Emergency Hospital's patient statistics reflect the upsurge. Antonio Rainone, the hospital's surgeon-general says they admitted twice as many patients with war injuries in August as they did in January, with civilians coming in from provinces around Kabul with wounds from bullets, mortar shells and shrapnel from rockets. They admit an average of 200 patients per month, or about six new patients each day.

With at least 1,200 civilians killed in Afghanistan in the first six months of 2010, according to the United Nations, this year is proving to be the deadliest so far for both Afghan civilians and foreign troops since the US invasion in 2001.

"There were more and more war injuries coming in from the provinces around Kabul, where security appears to be getting worse," Dr Rainone said. "With our limited resources [the hospital has only two operating beds] we decided we would need to start treating only war injuries. And we were right: so far, the hospital remains full."

Lying next to Fauzia in the hospital's sub-intensive ward is Anib, a 10-year-old boy from Logar with pieces of a stray mortar round piercing his skull.

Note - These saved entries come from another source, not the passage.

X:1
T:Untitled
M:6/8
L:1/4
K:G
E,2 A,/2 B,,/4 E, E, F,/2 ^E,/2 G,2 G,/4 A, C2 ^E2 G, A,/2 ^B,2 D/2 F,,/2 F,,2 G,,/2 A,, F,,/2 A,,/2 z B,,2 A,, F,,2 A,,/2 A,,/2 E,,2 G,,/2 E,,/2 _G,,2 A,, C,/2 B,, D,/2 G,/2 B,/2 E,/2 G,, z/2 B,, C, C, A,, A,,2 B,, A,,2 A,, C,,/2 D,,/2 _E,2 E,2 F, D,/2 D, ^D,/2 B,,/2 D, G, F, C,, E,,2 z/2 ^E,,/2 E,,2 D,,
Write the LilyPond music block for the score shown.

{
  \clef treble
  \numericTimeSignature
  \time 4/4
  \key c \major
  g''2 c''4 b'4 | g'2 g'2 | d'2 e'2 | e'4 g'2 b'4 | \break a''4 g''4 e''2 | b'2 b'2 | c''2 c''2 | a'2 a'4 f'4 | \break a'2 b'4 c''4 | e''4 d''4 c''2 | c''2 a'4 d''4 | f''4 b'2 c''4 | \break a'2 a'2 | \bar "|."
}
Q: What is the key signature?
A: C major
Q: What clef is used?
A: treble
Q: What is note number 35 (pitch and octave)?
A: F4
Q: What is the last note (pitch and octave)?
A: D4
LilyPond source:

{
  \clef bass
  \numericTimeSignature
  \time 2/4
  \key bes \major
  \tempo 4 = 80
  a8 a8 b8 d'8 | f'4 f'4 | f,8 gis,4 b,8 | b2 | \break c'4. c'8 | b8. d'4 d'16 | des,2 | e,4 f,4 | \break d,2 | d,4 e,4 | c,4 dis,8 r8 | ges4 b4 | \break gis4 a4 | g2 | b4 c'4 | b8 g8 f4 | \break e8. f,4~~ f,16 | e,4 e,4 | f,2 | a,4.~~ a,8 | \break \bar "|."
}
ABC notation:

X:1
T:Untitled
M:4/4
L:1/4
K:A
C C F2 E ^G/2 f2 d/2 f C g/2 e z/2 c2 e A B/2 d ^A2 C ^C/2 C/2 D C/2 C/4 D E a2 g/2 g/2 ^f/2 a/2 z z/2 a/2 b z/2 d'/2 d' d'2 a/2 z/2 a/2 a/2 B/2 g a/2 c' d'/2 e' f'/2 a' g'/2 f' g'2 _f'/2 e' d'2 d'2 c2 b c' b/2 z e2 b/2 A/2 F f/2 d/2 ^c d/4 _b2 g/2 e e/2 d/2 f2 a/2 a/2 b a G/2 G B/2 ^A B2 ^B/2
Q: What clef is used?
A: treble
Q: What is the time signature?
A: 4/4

Across from Anib is 31-year-old Mohammadeen, also from Logar. His body was sprayed with shrapnel after an improvised explosive device - Taliban insurgents' weapon of choice - exploded under his vehicle on a road last month.

"Logar is so much worse than it was two years ago," said Mohammadeen, wincing in pain as he moves what remains of his right leg, shattered by the blast, across the hospital bed. "There are explosions every day now, especially on the roads. I tell my family to stay home."

An Afghan surgeon, Aziz Rahman, who heads the hospital's sub-intensive ward, says he has seen more war injuries this year than in the eight years he has worked at the hospital. Most of his patients have been operated on in the past six months, he says, and come from Logar, but also Wardak, Ghazni and Paktia, bordering Pakistan to the east.

One senior US military adviser, speaking on background, said military intelligence suggests Taliban fighters are implementing a plan to encircle the capital, and are carrying out attacks in places out of their normal theatre of operations in the east and the south.

Dr Rainone says he can use patients to track growing trends in violence, but finds it much harder to detect whether the wounds are from weapons used by the insurgency or foreign forces, and whether or not the civilians were targeted deliberately or caught in the crossfire.

"Often, what the patients say does not correspond to the truth, and it's an invasion of their lives to ask," he says. "They often don't know what happened or where the bomb came from, or they're too scared to say. That's the nature of war."

The UN says most of the civilians killed in the war this year were by the insurgency, but international forces have also come under fire for killing civilians in errant air strikes.

"We just walked out of the house to go visit another family, and we were hit," says Fauzia's father, 25-year-old Habib. His wife was also shot in the leg.

Dr Rainone says Emergency Hospital will most likely remain a war hospital for years to come.

"The Afghans, they miss security," he says. "They have forgotten what it is like to live in security."